When My Psychiatrist Suggested a Way to Make Tasks Feel Less Daunting


I sometimes feel like I have utterly failed. When my manic highs shoot me into euphoria and I make 15 plans for the week, only to come crashing down into depression shortly before the plans take place, it feels like I’ve failed. It feels like I fail epically when I am depressed. I can’t fight my anxiety enough to get out of the house — no matter how many times I convince myself I can do it beforehand.

The idea of not succeeding further deepens my self-loathing and self-doubt. I can’t finish my college classes, I can’t think.

But while it’s true I’ve not followed through, and while it is true I’ve not completed things, that doesn’t mean it must be this way forever as I battle my mental illness.

I sat in my psychiatrist’s office one day, describing my utter paranoia at not being able to finish my essays, make my appointments, and sometimes even go to the grocery store.

“Write your name,” he said.

I looked at him, confused.

“Write you name,” he repeated. “And if that is all you can do that day, that is OK. Just write your name and put the paper down. Come back to it the next day and write the title; if you can’t think of a title, write the date. The next day, write the first sentence, or the last sentence. Just put something on the paper. You will find that step by step, you can finish it — eventually. Slow and steady wins the race. Break things down one item at a time.”

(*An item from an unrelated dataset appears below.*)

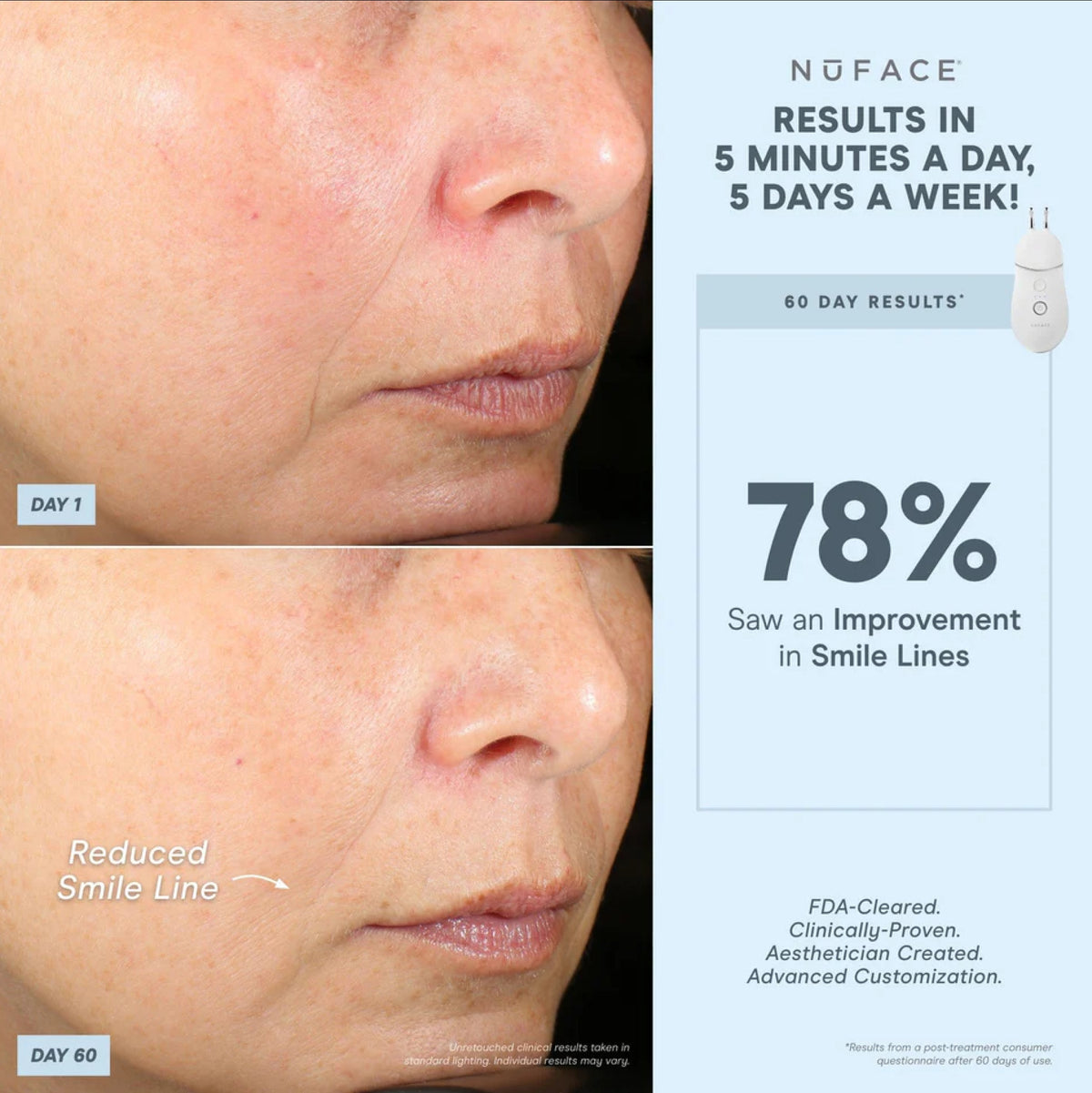 NuFACE Trinity+ Pro ELE Attachment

I tried to process this as he talked. And now it’s something I apply to every task in my life — especially on the hard days. In my experience, completing small steps as a person with mental illness can feel like climbing mountains at times.

For example, when I have to go to the grocery store, I pick up my keys and start the car. I sit there for a minute while it runs. If I think that’s all I can do, then it’s OK for me to turn off the car and decide not to go yet. But if I can drive down the driveway, then I can drive to the corner, and then I can drive to the stoplight. If I get too anxious and need to turn around, I turn around and go home. But when I eventually get to the store, I take a deep breath and shut off my car. I walk to the store and grab a cart. I grab one thing I need. If that is all I can do, great. I’ve accomplished something. If I can do more, I grab the next item, and the next. I make it to the checkout line and take time to breathe while I wait. I’m almost done. Once I get back in my car, I go home and relax. I did it. Every step of the way, I did it. It’s the small things that matter at first.

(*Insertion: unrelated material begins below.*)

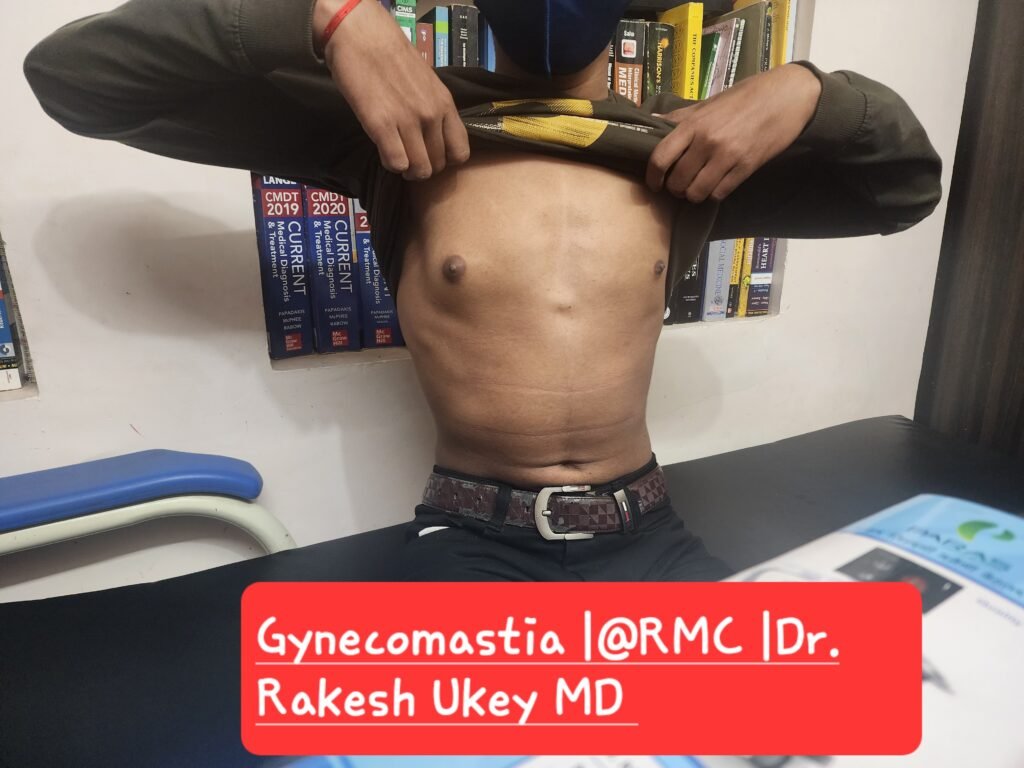 Gynecomastia unilateral @ RMC  CLINIC Dr. Rakesh Ukey MD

Instead of looking at tasks like they are daunting and impossible to finish, I try to chip at them. Chip and chip away at your own pace. And you can get there. Just take your time and keep chipping. Drive one more mile, write one more sentence. If that is all you can do, take a break or stop for the day. Pull over and take some breaths. Little wonders, little accomplishments. You can do it. There is no “fail” if you reward yourself for getting the little things done.

You don’t have to clean your whole house. Start with the dishes. Stop. Sit down. If you feel like it, fold the laundry. Stop and congratulate yourself for getting little things done. Something as simple (yet so huge) as getting out of bed in the morning can start with opening your eyes and taking a breath. Then if you’re ready, pull one sheet off your upper body, then your legs. Sit up next, and just sit there. If that is all you can do for now, that is OK.

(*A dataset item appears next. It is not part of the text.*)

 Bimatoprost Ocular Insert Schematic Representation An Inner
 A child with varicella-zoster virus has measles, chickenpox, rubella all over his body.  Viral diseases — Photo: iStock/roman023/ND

I know the torrents of mental illness and how it can make us feel. It can make us compare ourselves to others around us. But try not to look at things like that. Success is measured in many different ways, and right now it might help to think small. If the smallest things seem like mountains to you, think small. Because you can climb them, one hand at a time.

Editor’s note: This is based on one person’s experience and should not be considered medical advice. For any questions or concerns related to your health, consult a doctor or medical professional.